Overshadowing all these problems is the final question as to how to develop a governmental mechanism which will serve the interests and ideals developing through the recent social changes indicated in this report, how to adapt the best in the American tradition to the changing forms of modern life.

Growth of Governmental Functions

Governments in general have been increasing in size and power. The only other great social organizations to compare with them in rates of growth are our economic institutions. This growth seems to have occured despite conflicting views as to what the functions of government should be. Some would restrict them to the minimum of agencies of protection, and resent any extension beyond the bare necessities of control and regulation. Other see government as a powerful organization which may be placed in the service of mankind in many different ways. The variety of governmental functions is amazing, when all types of government are considered, as is shown in several of the chapters which follow. Much of this extension has been through various administrative boards, which have been added from time to time and which eventually present a problem of coordination. Not many of these bureaus are discarded, although some, notably those of war time, have been dropped. The rate of obsolescence is greater for legislative enactments. Such an extension of the administrative side of government is probably one of the reasons for the enhanced power of executives and the administrative branches of the government.

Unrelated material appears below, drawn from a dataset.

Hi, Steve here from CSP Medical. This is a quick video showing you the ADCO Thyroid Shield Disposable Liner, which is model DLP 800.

In this field the most disquieting developments have been those of the intrusion of the graft system in the domain of the federal government, especially in the form of bootlegging, but also touching the Cabinet in the Teapot Dome case; and the rise of racketeering in certain urban communities. On the other hand notable progress has been made in many directions toward the strengthening of the public service in cities, states, and nation.

Evidences of this have been the development of a more powerful executive, both in leadership and in management, the rise of administrative boards with wide powers, the tendency toward consolidation of administrative power on all levels of authority, the efficiency movement in the direction of professionalization of the service, the use of modern practices in dealing with the problems of personnel management and governmental operations and the growth of organizations of administrative officials throughout the country.

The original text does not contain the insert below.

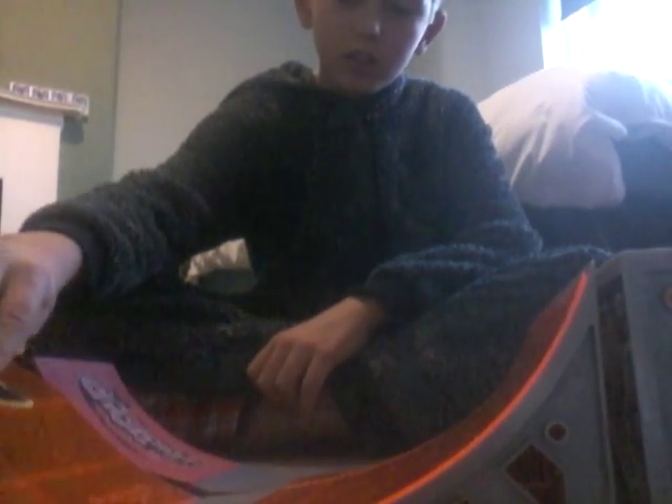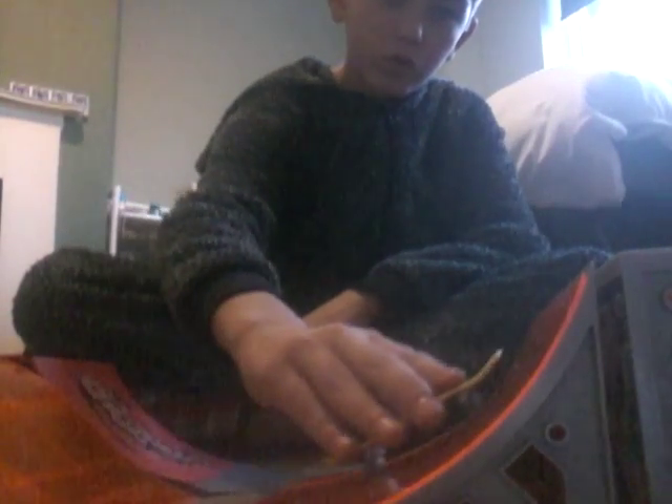Number four is going to be a 180. There we go. So, 180.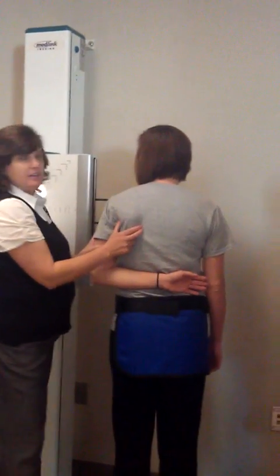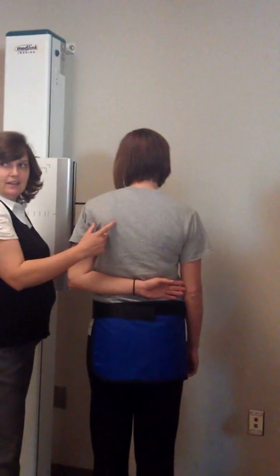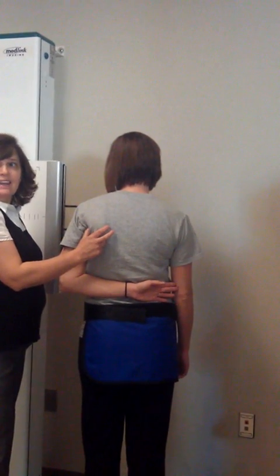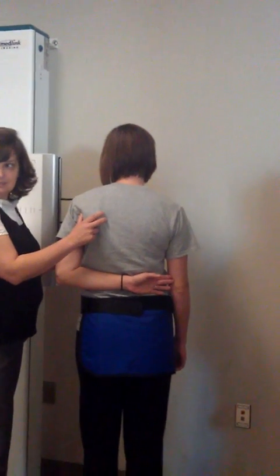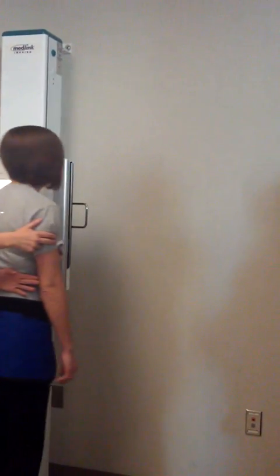Do you see how her scapula sits down there? So we're going to refine both borders — we're going to get that one. We're not paying attention to how oblique our patient becomes.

At the same time large ranges of government have been dominated by avowed spoilsmen, corrupt, incompetent and partisan, or all three together, while graft and buncombe have been common; but on the whole notable advance has been made in the direction of increasing competence and integrity in governmental service, notably in fields like educational administration, recreation, health, and welfare, special phases of urban, state and national administration. Even in less promising fields such as police administration the beginnings of substantial and even surprising progress have been made in various localities.

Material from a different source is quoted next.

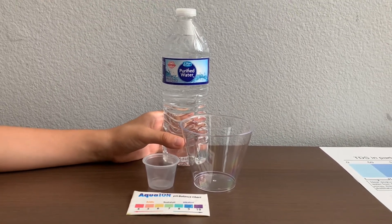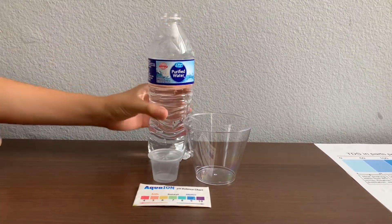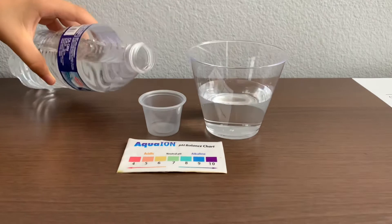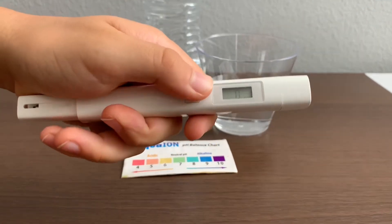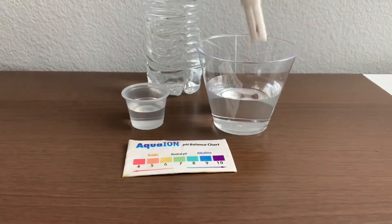Let's test the pH and TDS levels. Turn on the TDS tester, make sure it says zero, and put it in.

The broad question of the relation of the democracy to the expert in administration has not been solved, but in recent years surprising advances have been made toward the establishment of more satisfactory relations. Whereas in the period 1830-1870 the spoils idea was universally accepted and even acclaimed, and whereas in the period 1870-1900 the principle of merit as against party service and of continuity in tenure was recognized, in the period covered by this study the expert has been recognized because of his utility and indispensability in the practical operations of the government. While expertness and administrative skill were by no means universally recognized and adopted, the new trend was strongly in this direction, and the indications are that this movement will continue with increasing momentum.